On conte qu’un serpent voisin d’un Horloger
C’était pour l’Horloger un mauvais voisinage),
Entra dans sa boutique, et cherchant à manger
N’y rencontra pour tout potage
Qu’une Lime d’acier qu’il se mit à ronger.
Cette Lime lui dit, sans se mettre en colère :
Pauvre ignorant ! et que prétends-tu faire ?
Tu te prends à plus dur que toi.
Petit Serpent à tête folle,
Plutôt que d’emporter de moi
Seulement le quart d’une obole,
Tu te romprais toutes les dents.
Je ne crains que celles du temps.
Ceci s’adresse à vous, esprits du dernier ordre,
Qui n’étant bons à rien cherchez sur tout à mordre.

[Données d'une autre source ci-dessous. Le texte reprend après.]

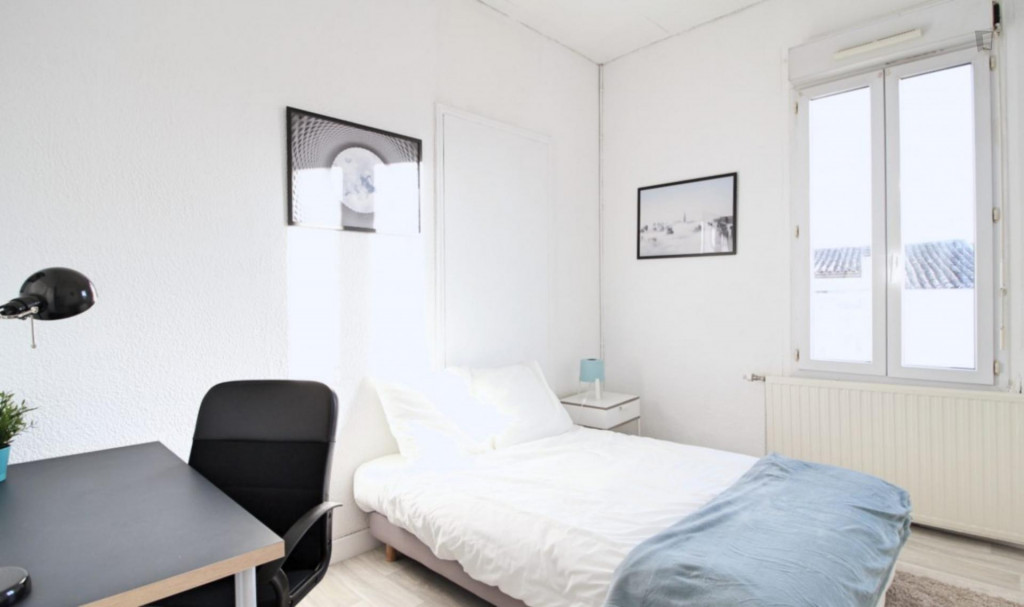 Very nice single bedroom in La Bastide
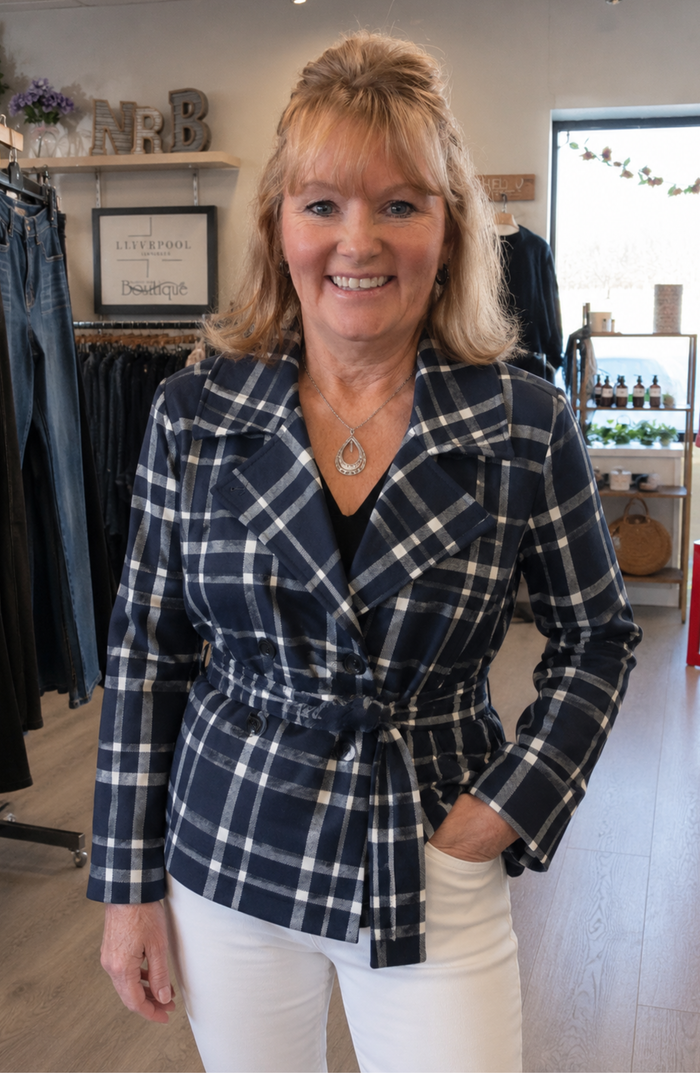 Liverpool Cropped Trench Jacket w/ Belt (Midnite White Plaid)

Vous vous tourmentez vainement.
Croyez-vous que vos dents impriment leurs outrages
Sur tant de beaux ouvrages ?
Ils sont pour vous d’airain, d’acier, de diamant.
Autre analyse:
Analyses de Chamfort – 1796.
V. 3. Je ne crains que celle du temps.
Cette idée très-philosophique, jetée dans le discours que La Fontaine prête à la lime, fait beaucoup d’effet, parce qu’elle est entièrement inattendue.
Commentaires de MNS Guillon – 1803.
Une Lime qui parle ! On se fait difficilement à cette illusion. Homère anime les forges de Vulcain ; à sa voix, les instruments du Dieu se meuvent d’eux-mêmes : mais Homère s’est bien gardé de faire parler des tenailles. Ne faisons pas plus de grâce à La Fontaine que nous n’en eussions fait à Homère ; ils sont tous deux si fort au-dessus de nos éloges et de nos critiques ! Disons qu’il y avoit bien d’autres acteurs à substituer à celui – ci. Mais ajoutons que cette fable étant un présent de l’antiquité, La Fontaine a cru devoir en conserver jusqu’au merveilleux qui outre la vraisemblance : comme sur certains antiques on laisse religieusement subsister la rouille qui les dépare…lire la suite
Études sur les fables de La Fontaine, P. Louis Solvet – 1812
Le Serpent et la Lime
Phedre, livre 4, fable 7
Cette Fable se trouve toute entière en tête d’une des premières éditions du Télémaque, celle de La Haie, 1701. Cette singulière précaution de la part des éditeurs, de placer ainsi cet ouvrage sous la sauvegarde de cet apologue, qui voue au ridicule, pour ne rien dire de plus, les critiques ignorants ou mal intentionnés des œuvres de génie, rappelle ces imprécations que les auteurs des anciens livres, dans les derniers siècles qui ont précédés la découverte de l’imprimerie, mettaient au devant de leurs ouvrages, imprécations par lesquelles ils appelaient les vengeances du ciel sur les copistes impudents ou mal-adroits qui se rendraient coupables d’intercalations dangereuses, ou de graves omissions, principaux dommages que les livres pou-voient alors éprouver;
V. 2. C’étoit pour l’horloger un mauvais voisinage.
C’étoit pour l’ouvrier un mauvais voisinage.
(M. Grenus, Fab. div., livre 3, fable 4))
V. 13. Je ne crains que celles du temps.
Cette idée très-philosophique, jetée dans le discours que La Fontaine prête à la Lime, fait beaucoup d’effet, parce qu’elle est entièrement inattendue. (Ch.).